Article from New Trees, Ross Bayton & John Grimshaw

Recommended citation
'Podocarpus matudae' from the website Trees and Shrubs Online (treesandshrubsonline.org/articles/podocarpus/podocarpus-matudae/). Accessed 2019-12-11.

Large tree to 20 m. Trunk straight, 0.6–1.5 m dbh, with greyish bark. Leaves coriaceous, dark green, 4–12(–16) 1–1.5(–1.9) cm, lanceolate but sometimes falcate, apex acuminate, base shortly attenuate to short petiole, midrib prominent on upper surface near base, but not so towards apex, margins subrevolute. Male strobili sessile, axillary on the previous year’s growth, solitary or in pairs, 3–5 0.4 cm. Female strobili borne on peduncles 4–12 mm long, receptacle fleshy, red becoming brown, 4–12 mm, seed 8–15 × 12–13 mm. Lundell 1937, Buchholz & Gray 1948, Standley & Steyermark 1952. Distribution EL SALVADOR (?); GUATEMALA; MEXICO: Chiapas, Guerrero, Jalisco, Oaxaca, Puebla, San Luis Potosí, Tamaulipas, Veracruz. Habitat Mixed pine-hardwood-podocarpus forests on moist slopes, between (600–)1000 and 2600(–3500) m asl. USDA Hardiness Zone 8–9. Conservation status Near Threatened. Illustration NT14, NT644. Cross-reference K260. Taxonomic note Silba (1990) recognised three varieties of this species: var. matudae with short, broad, somewhat falcate leaves, from Chiapas and into El Salvador and Guatemala; var. reichei with longer leaves, from Puebla, Veracruz and Tamaulipas; and var. jaliscanus de Laub. & Silba, from Jalisco. These varieties are not recognised by Farjon (2001), however, or by other authorities (P. Thomas, pers. comm. 2007).

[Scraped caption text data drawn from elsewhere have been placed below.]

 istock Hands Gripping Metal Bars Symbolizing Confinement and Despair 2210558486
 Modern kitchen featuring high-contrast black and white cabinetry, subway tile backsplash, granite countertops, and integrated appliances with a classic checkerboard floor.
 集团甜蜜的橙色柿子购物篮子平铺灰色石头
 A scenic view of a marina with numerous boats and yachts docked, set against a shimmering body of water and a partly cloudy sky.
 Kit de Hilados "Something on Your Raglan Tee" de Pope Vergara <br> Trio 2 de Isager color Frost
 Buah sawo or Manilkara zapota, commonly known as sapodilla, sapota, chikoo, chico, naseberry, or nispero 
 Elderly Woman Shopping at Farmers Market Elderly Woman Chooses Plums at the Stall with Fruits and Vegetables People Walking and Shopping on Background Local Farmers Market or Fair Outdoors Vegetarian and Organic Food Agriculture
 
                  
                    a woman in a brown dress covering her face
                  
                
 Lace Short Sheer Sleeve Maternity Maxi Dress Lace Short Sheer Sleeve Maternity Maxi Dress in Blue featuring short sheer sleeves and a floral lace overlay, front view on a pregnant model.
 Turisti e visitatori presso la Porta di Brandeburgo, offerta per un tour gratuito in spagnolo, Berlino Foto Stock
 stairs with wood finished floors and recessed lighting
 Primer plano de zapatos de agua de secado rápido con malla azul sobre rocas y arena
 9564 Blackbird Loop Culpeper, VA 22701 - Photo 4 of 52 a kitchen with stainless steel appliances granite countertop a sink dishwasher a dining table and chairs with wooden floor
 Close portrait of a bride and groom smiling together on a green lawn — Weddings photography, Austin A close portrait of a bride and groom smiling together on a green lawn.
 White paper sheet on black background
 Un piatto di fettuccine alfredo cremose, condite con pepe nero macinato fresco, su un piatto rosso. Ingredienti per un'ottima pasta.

Plants are cultivated under the name Podocarpus reichei in California and Oregon, and young trees at Tregrehan are flourishing and really look as if they want to succeed, forming exceptionally attractive specimens in damp ground in the valley bottom, measuring up to 4 m tall in 2006 (Johnson 2007). These trees are now fruiting, despite having been planted within the past 10 years. They were grown from seed collected in Mexico and distributed by R. Nicholson, then of the New York Botanical Garden (T. Hudson, pers. comm. 2005). The hardiness of the species elsewhere is as yet untested but it deserves to be attempted in sheltered, moist locations. The long leaves give it a very elegant appearance.